Plan d’accélération industrielle : Comment sortir d’une économie à revenus intermédiaires
L’OCP Policy Center a lancé une réflexion sur le potentiel de croissance du Plan d’accélération industrielle 2014-2020. Plus un process et/ou un produit sont complexes, plus la valeur ajoutée augmente et sa participation dans le PIB et l’emploi qualitatif aussi.
Le débat sur l’industrialisation ou la réindustrialisation de l’économie marocaine s’est récemment saisi de l’intérêt public. Non que l’on veuille remettre en question les choix actuels en matière de développement, mais pour se mettre mieux à l’écoute des marchés. S’ajoute à cela le fait qu’il n’y a pas un seul pays au monde qui a accédé à l’émergence sans industrie. Le Maroc l’a compris dès 2005 à travers le Plan Émergence, puis le Pacte national pour l’émergence industrielle avant d’arriver aujourd’hui au Plan d’accélération industrielle 2014-2020. Tous ces plans partaient du constat récurrent que le secteur industriel peine à créer la croissance et partant l’emploi.

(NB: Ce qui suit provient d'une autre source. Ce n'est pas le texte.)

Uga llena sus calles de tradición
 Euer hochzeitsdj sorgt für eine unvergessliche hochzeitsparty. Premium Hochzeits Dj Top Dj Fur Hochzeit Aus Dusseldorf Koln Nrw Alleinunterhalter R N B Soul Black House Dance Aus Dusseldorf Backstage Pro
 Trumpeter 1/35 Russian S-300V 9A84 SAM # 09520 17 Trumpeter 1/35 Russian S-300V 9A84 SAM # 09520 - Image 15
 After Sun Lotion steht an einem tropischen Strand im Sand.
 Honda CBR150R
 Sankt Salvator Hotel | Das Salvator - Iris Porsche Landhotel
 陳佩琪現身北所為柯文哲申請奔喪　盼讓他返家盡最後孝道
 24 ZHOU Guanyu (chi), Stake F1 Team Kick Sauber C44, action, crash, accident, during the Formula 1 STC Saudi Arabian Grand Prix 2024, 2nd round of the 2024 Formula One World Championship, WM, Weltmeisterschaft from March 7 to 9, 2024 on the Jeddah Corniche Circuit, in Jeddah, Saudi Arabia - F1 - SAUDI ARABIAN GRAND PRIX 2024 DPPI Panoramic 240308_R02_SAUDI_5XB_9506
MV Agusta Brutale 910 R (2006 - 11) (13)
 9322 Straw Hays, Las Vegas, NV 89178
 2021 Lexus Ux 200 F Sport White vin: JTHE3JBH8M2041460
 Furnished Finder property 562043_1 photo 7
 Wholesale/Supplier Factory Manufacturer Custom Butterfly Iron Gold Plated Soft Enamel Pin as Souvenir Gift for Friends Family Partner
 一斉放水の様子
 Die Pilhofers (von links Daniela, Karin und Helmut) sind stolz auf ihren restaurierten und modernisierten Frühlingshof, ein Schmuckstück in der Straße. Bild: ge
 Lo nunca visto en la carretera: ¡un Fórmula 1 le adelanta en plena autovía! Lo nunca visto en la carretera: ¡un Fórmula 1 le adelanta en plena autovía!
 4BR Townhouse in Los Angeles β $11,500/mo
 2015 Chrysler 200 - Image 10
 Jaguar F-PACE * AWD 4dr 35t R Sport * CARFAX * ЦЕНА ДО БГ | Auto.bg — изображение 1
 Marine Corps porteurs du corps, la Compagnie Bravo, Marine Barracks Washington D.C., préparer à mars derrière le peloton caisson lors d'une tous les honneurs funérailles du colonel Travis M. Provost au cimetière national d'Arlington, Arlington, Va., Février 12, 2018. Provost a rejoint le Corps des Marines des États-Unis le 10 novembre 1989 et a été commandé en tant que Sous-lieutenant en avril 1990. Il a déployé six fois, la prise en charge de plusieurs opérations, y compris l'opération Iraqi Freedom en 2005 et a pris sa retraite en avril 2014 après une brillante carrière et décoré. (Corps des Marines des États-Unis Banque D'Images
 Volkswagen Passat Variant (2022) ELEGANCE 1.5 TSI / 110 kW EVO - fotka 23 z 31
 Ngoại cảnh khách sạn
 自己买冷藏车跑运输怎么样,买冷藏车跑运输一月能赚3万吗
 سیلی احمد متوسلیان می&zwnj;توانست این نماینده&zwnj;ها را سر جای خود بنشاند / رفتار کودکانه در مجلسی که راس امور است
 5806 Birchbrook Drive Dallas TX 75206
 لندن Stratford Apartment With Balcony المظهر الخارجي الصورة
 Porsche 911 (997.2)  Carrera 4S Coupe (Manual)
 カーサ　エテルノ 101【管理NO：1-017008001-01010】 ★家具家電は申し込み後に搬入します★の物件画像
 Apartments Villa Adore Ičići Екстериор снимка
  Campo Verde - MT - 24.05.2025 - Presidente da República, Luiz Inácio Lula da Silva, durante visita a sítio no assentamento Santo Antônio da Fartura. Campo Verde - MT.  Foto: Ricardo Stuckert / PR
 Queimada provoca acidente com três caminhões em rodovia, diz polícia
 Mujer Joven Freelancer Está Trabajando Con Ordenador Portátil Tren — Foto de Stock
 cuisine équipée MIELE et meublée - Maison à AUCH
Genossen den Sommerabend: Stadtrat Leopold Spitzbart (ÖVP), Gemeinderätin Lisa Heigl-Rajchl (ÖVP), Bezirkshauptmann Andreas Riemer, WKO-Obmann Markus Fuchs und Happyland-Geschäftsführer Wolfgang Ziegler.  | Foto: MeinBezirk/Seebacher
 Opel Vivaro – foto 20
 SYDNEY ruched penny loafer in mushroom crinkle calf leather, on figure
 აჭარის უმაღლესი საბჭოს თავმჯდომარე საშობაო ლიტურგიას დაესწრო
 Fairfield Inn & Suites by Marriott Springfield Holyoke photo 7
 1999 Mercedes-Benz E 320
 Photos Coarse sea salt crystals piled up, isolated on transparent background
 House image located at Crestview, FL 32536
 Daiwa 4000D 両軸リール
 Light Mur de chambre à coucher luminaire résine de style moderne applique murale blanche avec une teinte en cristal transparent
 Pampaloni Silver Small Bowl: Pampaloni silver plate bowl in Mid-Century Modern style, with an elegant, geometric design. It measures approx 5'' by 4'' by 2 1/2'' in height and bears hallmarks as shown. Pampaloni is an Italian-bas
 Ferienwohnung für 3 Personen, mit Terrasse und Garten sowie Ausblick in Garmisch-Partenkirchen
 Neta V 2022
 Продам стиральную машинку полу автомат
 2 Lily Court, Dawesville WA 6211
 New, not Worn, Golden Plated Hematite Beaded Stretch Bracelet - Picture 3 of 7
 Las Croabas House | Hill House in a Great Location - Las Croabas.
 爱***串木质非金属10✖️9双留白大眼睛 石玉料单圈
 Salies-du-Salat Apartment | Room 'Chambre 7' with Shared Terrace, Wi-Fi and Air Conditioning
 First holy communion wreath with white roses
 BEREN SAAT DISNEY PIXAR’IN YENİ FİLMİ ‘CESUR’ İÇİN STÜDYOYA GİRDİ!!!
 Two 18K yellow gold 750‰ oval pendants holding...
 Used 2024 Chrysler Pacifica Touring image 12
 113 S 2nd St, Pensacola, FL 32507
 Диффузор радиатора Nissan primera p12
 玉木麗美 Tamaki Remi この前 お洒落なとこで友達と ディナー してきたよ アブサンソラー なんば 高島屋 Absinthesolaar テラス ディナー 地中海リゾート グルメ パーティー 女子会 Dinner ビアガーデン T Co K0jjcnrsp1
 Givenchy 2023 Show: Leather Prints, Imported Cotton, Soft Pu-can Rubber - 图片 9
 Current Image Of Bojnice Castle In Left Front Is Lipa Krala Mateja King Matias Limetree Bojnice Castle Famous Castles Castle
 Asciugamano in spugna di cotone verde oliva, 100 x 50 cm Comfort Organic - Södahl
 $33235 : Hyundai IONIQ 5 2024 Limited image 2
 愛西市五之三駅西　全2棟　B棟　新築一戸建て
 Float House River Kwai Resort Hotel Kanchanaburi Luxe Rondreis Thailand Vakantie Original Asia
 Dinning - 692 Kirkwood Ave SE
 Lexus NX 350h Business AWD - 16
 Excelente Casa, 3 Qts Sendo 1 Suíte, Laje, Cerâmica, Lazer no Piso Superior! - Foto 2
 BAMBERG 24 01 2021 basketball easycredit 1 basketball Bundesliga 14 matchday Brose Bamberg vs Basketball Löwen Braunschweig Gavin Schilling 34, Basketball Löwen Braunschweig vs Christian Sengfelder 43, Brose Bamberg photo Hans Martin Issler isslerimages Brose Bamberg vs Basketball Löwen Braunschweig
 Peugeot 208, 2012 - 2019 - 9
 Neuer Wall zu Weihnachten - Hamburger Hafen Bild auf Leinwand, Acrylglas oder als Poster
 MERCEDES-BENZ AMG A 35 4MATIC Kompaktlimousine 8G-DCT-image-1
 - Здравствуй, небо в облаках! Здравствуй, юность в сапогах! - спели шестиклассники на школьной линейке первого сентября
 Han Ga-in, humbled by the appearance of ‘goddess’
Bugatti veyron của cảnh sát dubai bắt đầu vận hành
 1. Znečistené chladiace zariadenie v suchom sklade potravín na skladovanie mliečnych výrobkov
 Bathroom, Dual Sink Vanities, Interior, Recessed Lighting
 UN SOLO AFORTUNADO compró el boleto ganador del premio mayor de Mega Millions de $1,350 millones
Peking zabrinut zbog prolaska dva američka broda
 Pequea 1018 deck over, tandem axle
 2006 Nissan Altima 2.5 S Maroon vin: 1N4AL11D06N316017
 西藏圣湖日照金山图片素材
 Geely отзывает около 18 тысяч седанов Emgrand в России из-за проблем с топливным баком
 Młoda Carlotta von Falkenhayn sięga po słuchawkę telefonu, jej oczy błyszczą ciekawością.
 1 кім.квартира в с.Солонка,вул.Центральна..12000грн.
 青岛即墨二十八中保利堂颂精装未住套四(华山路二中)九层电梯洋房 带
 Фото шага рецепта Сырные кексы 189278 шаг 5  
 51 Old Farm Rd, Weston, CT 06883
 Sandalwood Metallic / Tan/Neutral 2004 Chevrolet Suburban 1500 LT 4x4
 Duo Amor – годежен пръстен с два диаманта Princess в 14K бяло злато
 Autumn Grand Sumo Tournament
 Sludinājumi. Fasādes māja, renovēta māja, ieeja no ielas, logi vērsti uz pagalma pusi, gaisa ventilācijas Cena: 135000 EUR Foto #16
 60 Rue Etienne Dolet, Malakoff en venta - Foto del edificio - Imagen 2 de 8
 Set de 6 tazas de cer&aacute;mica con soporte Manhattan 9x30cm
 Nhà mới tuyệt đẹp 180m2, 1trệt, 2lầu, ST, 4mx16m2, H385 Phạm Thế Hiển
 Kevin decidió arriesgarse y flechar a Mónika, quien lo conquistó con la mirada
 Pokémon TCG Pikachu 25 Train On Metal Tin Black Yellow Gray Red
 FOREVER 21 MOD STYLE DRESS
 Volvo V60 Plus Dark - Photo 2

À chaque fois, les pouvoirs publics ressentaient le besoin de tout remettre à plat à travers de nouvelles feuilles de routes. Le brief que l’OCP Policy Center vient de publier, et dont les ÉCO détient copie, ne rentre pas dans la philosophie des plans industriels ou leur pertinence. Il vise, à travers le plan d’accélération industrielle 2014-2020 à faire ressortir le positionnement des nouveaux écosystèmes dans l’espace-produit, ainsi que par rapport aux capacités cognitives et productives actuelles du Maroc. En d’autres termes, il s’agit d’évaluer la capacité des écosystèmes industriels à intégrer un certain nombre de paramètres inhérents à la nature de l’économie marocaine. Selon l’ économiste Karim El Mokri, auteur du brief, souvent les pays qui restent piégés dans le schéma d’économie à revenu intermédiaire ont du mal à basculer vers des produits qui exigent plus de complexité dans les process d’industrialisation. Ce constat est corroboré par le classement du Maroc selon l’indicateur de complexité économique (ECI) en 2014, où il occupe la 78e place sur 124 pays, devancé par la Tunisie et l’Égypte.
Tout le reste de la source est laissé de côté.